Megan Barrientos of Wicomico Middle School won the 2026 Maryland Eastern Shore Regional Spelling Bee on March 7 at the Ella Fitzgerald Center for the Performing Arts on the campus of the University of Maryland Eastern Shore (Joey Gardner photo).

Megan Barrientos, an eighth grader at Wicomico Middle School, claimed her second consecutive Maryland Eastern Shore Regional Spelling Bee title on Saturday.

Barrientos, who clinched the competition by spelling the word “mythopoeic,” was the first back-to-back winner since Gia Bautista – also a student at Wicomico Middle School – won the event in 2014 and 2015. The second-place speller was Jazz Johnson, a fourth grader from North Salisbury Elementary School.

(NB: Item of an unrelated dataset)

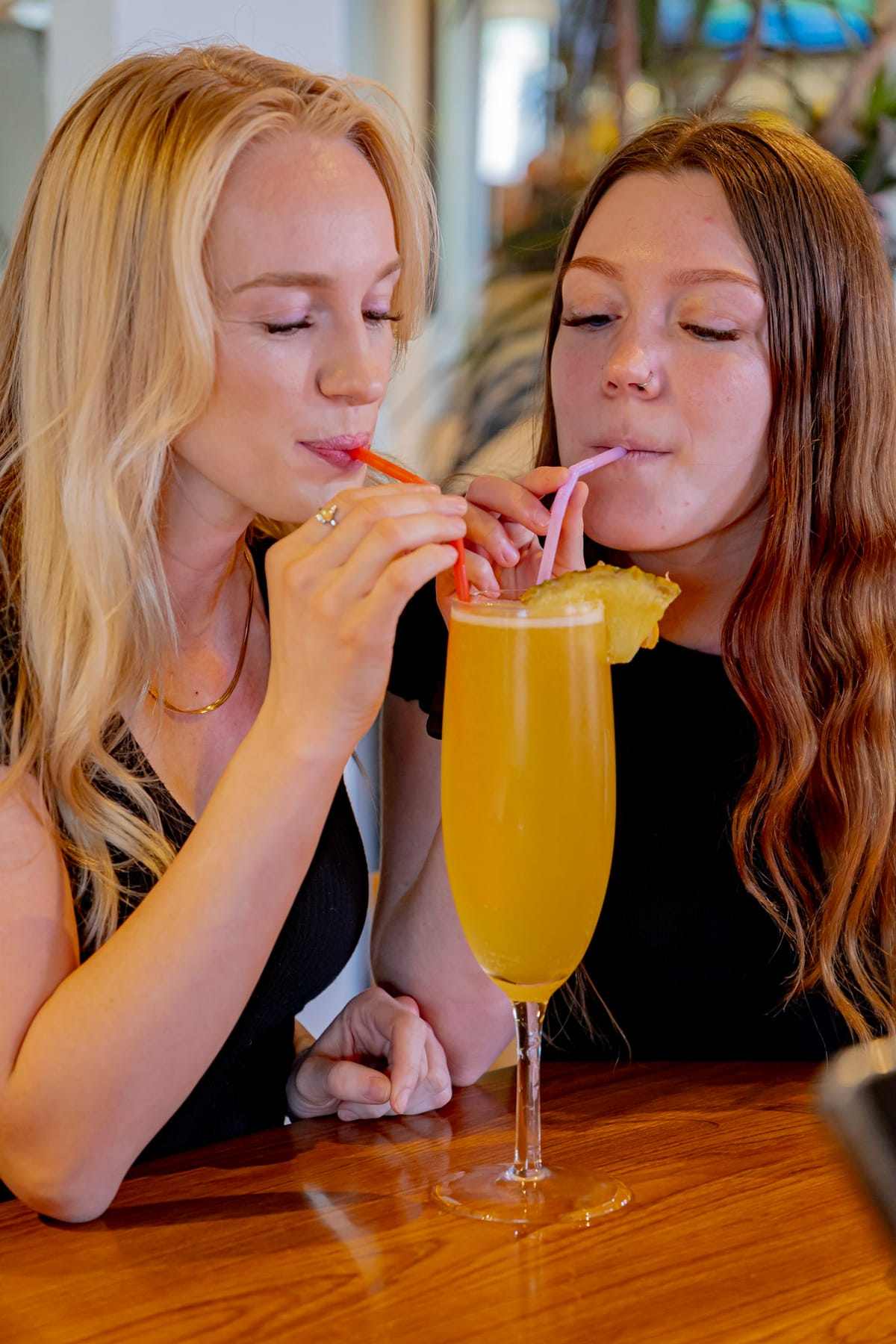 A glass of mimosa on a sunlit patio table at U.S. Egg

From left: 2026 Maryland Eastern Shore Spelling Bee runner-up Jazz Johnson and bee winner Megan Barrientos (Joey Gardner Photo).

“This was a surreal moment and one I wasn’t expecting to happen,” Barrientos, 14, said. “Coming into the bee as the defending champion felt a lot like last year. I didn’t put a lot of pressure on myself after already winning the year before.”

Barrientos, who dueled 16 rounds to win her first title a year ago, earned her second crown in eight rounds during the event held at the Ella Fitzgerald Center for the Performing Arts on the University of Maryland Eastern Shore campus.

The field for this year’s event comprised 43 elementary and middle school students from public and private schools in Dorchester, Somerset, Wicomico, and Worcester counties.

The first and second rounds each saw nine spellers dismissed, before switching to two oral vocabulary lines that eliminated another nine competitors. Rounds five and six saw another six eliminations each, bringing the field to four heading into the seventh round.

Barrientos and Johnson were the last standing going into round eight, where the former correctly spelled “lobectomy” and the championship word.

For winning the regional bee, Barrientos receives an all-expenses-paid trip to the 101st Scripps National Spelling Bee in Washington, D.C., which takes place during the week of May 24-29.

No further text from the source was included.